SEOUL • South Korea said yesterday it will push ahead with plans to impose government-issued history textbooks on schools, despite fierce criticism of a policy that opponents say is a throwback to the nation's authoritarian past.
From 2017, secondary school students will only study from the state-approved textbook, which will be written by a government-appointed panel of teachers and academics, the education ministry announced.
The Correct Textbook Of History would replace a system where schools are free to choose from eight different history texts produced by private publishing companies, albeit under government oversight.
Conservative critics argue that currently the authors are too left-wing, but liberal opponents accuse the government of reverting to a policy used by past authoritarian regimes in South Korea.

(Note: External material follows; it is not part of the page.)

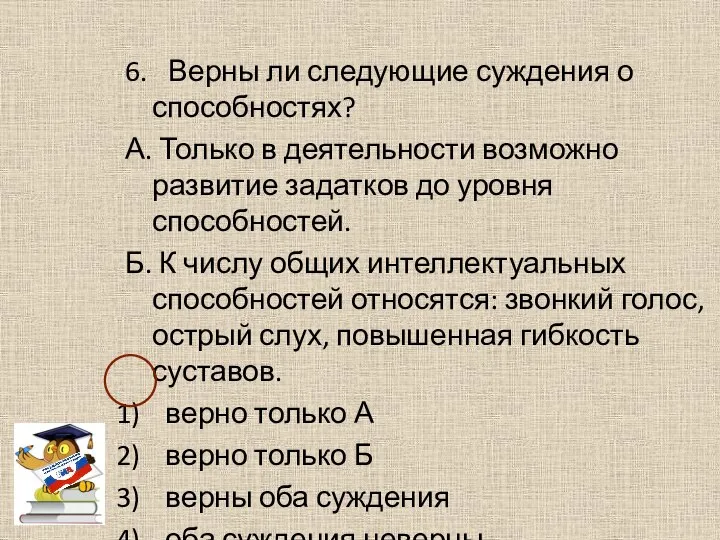 6. Верны ли следующие суждения о способностях? А. Только в деятельности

President Park Geun Hye, the daughter of one-time dictator Park Chung Hee who ruled for two decades, chided opposition lawmakers who have opposed the change and called on them not to foster division.
"It's very important for children to have a correct understanding of history through the right education," she said yesterday. "History education should never divide the people and students over political strife or ideological confrontation."
A dozen opposition lawmakers staged a street protest in Seoul and launched a petition against the policy. They were confronted by about 40 conservatives backing the move, some of whom clashed with police.
Mr Moon Jae In of the main opposition New Politics Alliance for Democracy said the government's move was designed to "eulogise" the late president Park and other authoritarian rulers.
"It attempts to control the people's mind with state-issued history books. We've seen the same thing happen under the Nazis, Japanese imperialists and the Yushin dictatorship," Mr Moon told journalists, referring to Mr Park's rule.
However, Prime Minister Hwang Kyo Ahn complained that current textbooks offered a biased view of the nation's 20th century history.
He said materials now in use portray both the South and the North as responsible for the outbreak of the Korean War, which began with the North's invasion of the South in 1950.
"We will produce textbooks which are based on an objective, balanced view of history," he said in Parliament yesterday, denying it represented a swing back to authoritarianism.